Class TextConfig


  • public final class TextConfig
    extends Object
    Capture a set of key metrics for any given language.
    • Constructor Summary

      Constructors 
      Constructor Description
      TextConfig​(int longWord, double averageLow, double averageHigh, int alphaSpacePercentage, int simplePercentage, int maxLength, String sentenceBreak, String wordBreak, String punctuation, String[] starts)  
    • Method Summary

      All Methods Instance Methods Concrete Methods 
      Modifier and Type Method Description
      int getAlphaSpacePercentage()
      An estimate of the percentage of 'alpha' or space (isWhiteSpace()) characters that we expect to be present.
      double getAverageHigh()
      A reasonable upper bound for the average word length in the language.
      double getAverageLow()
      A reasonable lower bound for the average word length in the language.
      int getLongWord()
      The maximum length we expect any likely word to be in the target language.
      int getMaxLength()
      The maximum number of character to analyze in the input.
      String getPunctuation()
      The Punctuation characters.
      String getSentenceBreak()
      The Sentence Break characters.
      int getSimplePercentage()
      An estimate of the percentage of 'reasonable' characters that we expect to be present.
      Set<String> getStarts()
      The 'likely' set of two character initial stems.
      String getWordBreak()
      The Word Break characters.
      • Methods inherited from class java.lang.Object

        clone, equals, finalize, getClass, hashCode, notify, notifyAll, toString, wait, wait, wait
    • Constructor Detail

      • TextConfig

        public TextConfig​(int longWord,
                          double averageLow,
                          double averageHigh,
                          int alphaSpacePercentage,
                          int simplePercentage,
                          int maxLength,
                          String sentenceBreak,
                          String wordBreak,
                          String punctuation,
                          String[] starts)
    • Method Detail

      • getLongWord

        public int getLongWord()
        The maximum length we expect any likely word to be in the target language.
        Returns:
        The maximum length we expect any likely word to be in the target language.
      • getAverageLow

        public double getAverageLow()
        A reasonable lower bound for the average word length in the language.
        Returns:
        A reasonable lower bound for the average word length in the language.
      • getAverageHigh

        public double getAverageHigh()
        A reasonable upper bound for the average word length in the language.
        Returns:
        A reasonable upper bound for the average word length in the language.
      • getAlphaSpacePercentage

        public int getAlphaSpacePercentage()
        An estimate of the percentage of 'alpha' or space (isWhiteSpace()) characters that we expect to be present.
        Returns:
        An estimate of the percentage of 'alpha' or space (isWhiteSpace()) characters that we expect to be present.
      • getSimplePercentage

        public int getSimplePercentage()
        An estimate of the percentage of 'reasonable' characters that we expect to be present.
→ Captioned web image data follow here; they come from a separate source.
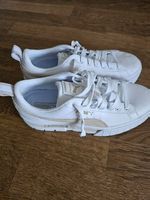 PUMA Sneaker 40 Damen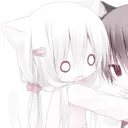 .prxncess._
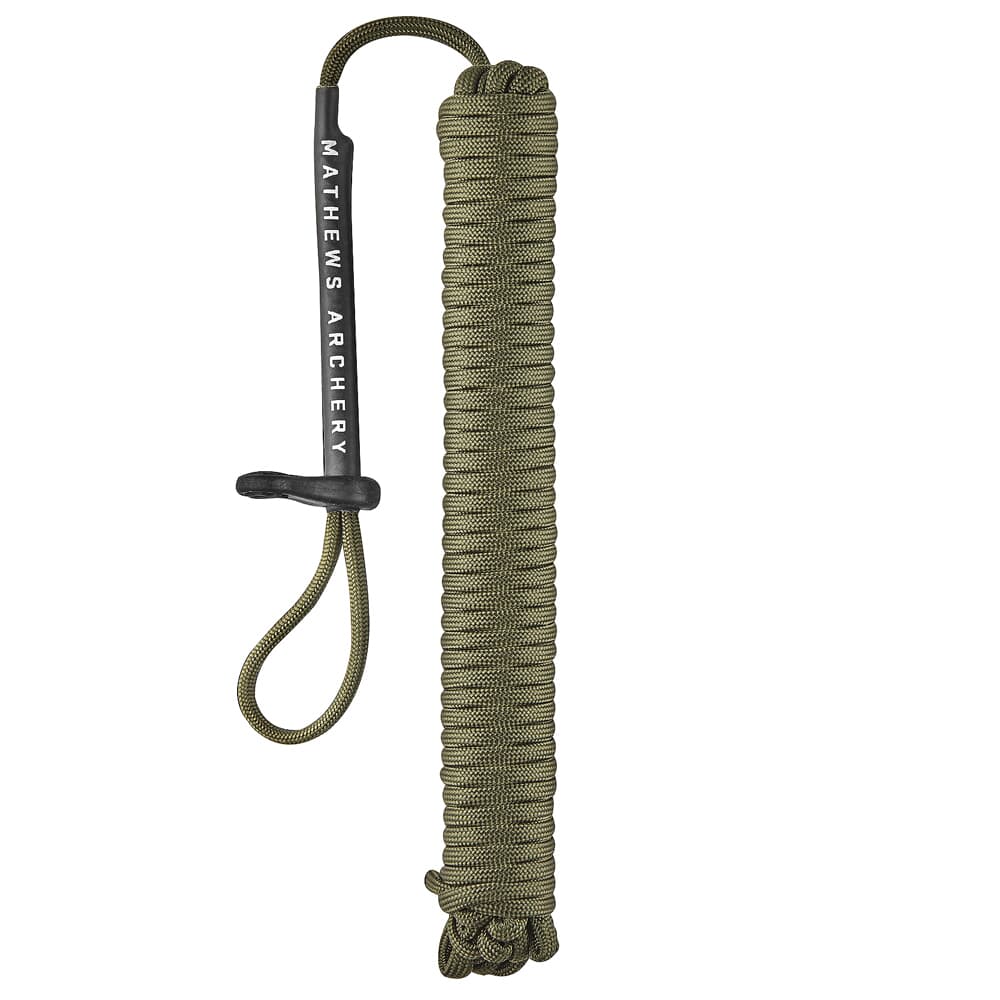 Mathews Rope SCS 1 Pack 82003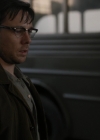 Bestandsnaam=Charmed-Online-dot-nl_TheManInTheHighCastle2x03-3042.jpg
Bestandsgrootte=316KiB
Afmetingen = 1280x720
Datum toegevoegd = dec 28, 2019 Charmed-Online-dot-nl_TheManInTheHighCastle2x03-3042.jpg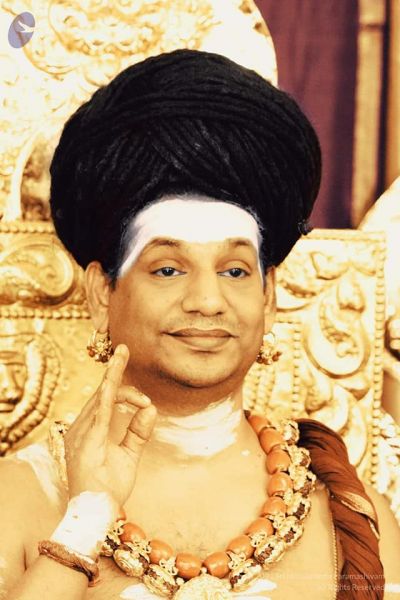 File:20210822 1003 240212348 FB.jpg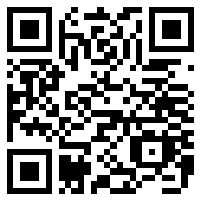 QR Code for bc1q3s7a22u6fcfeeylh54cxtqhul8fcr0dn6lc8ea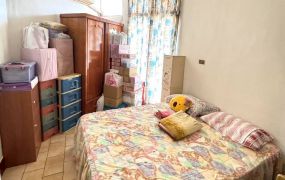 果貿😲低總價😲近左營大路3房大樓|近學區|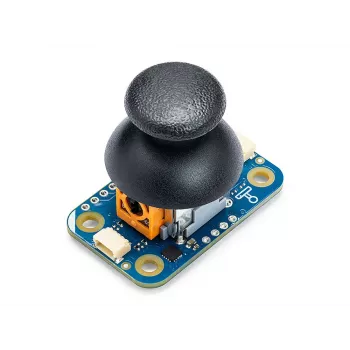 Arduino ABX00135 Modulino modul joystick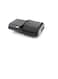 Dell original AC adapter 100W USB-C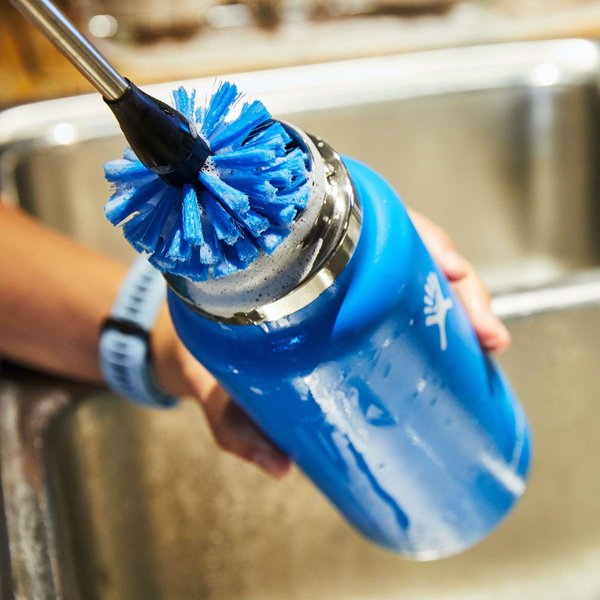 Szczotka do czyszczenia Bottle Brush Hydro Flask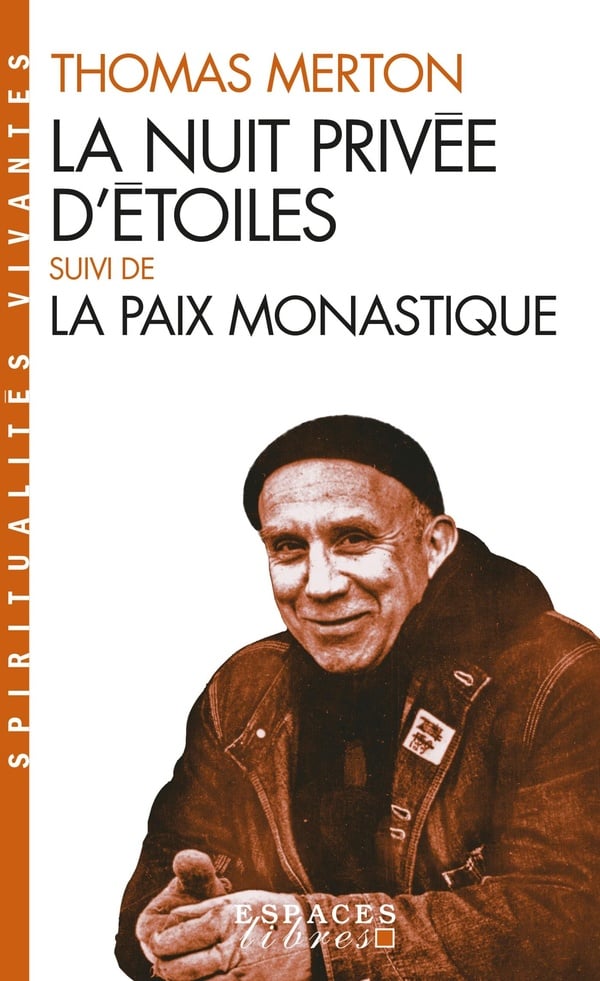 media/pim/TITELIVE/65_9782226158987_1_75.jpg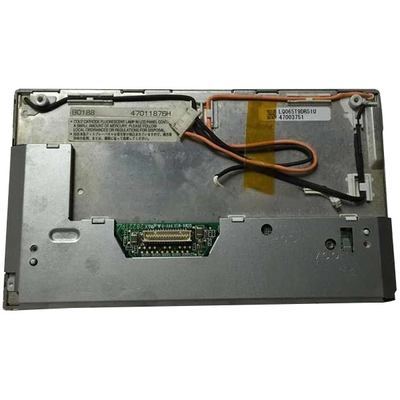 LQ065T9DR51U Sharp 6.5 ইঞ্চি এলসিডি স্ক্রিনের জন্য নতুন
Note: The reasonable characters are defined as the sum of: - alphas, digits (in digit only words), wordBreaks, spaces, and punctuation
        Returns:
        An estimate of the percentage of 'reasonable' characters that we expect to be present.
      • getMaxLength

        public int getMaxLength()
        The maximum number of character to analyze in the input.
        Returns:
        The maximum number of character to analyze in the input.
      • getSentenceBreak

        public String getSentenceBreak()
        The Sentence Break characters.
        Returns:
        The set of characters used to break paragraphs into sentences.
      • getWordBreak

        public String getWordBreak()
        The Word Break characters.
        Returns:
        The set of characters used to break sentences into words.
      • getPunctuation

        public String getPunctuation()
        The Punctuation characters.
        Returns:
        The set of characters recognized as punctuation.
      • getStarts

        public Set<String> getStarts()
        The 'likely' set of two character initial stems. For example, in English 'fo' is reasonable (for, form, foot, ...) whereas 'xz' is not, as no words start with xz.
        Returns:
        The 'likely' set of two character initial stems.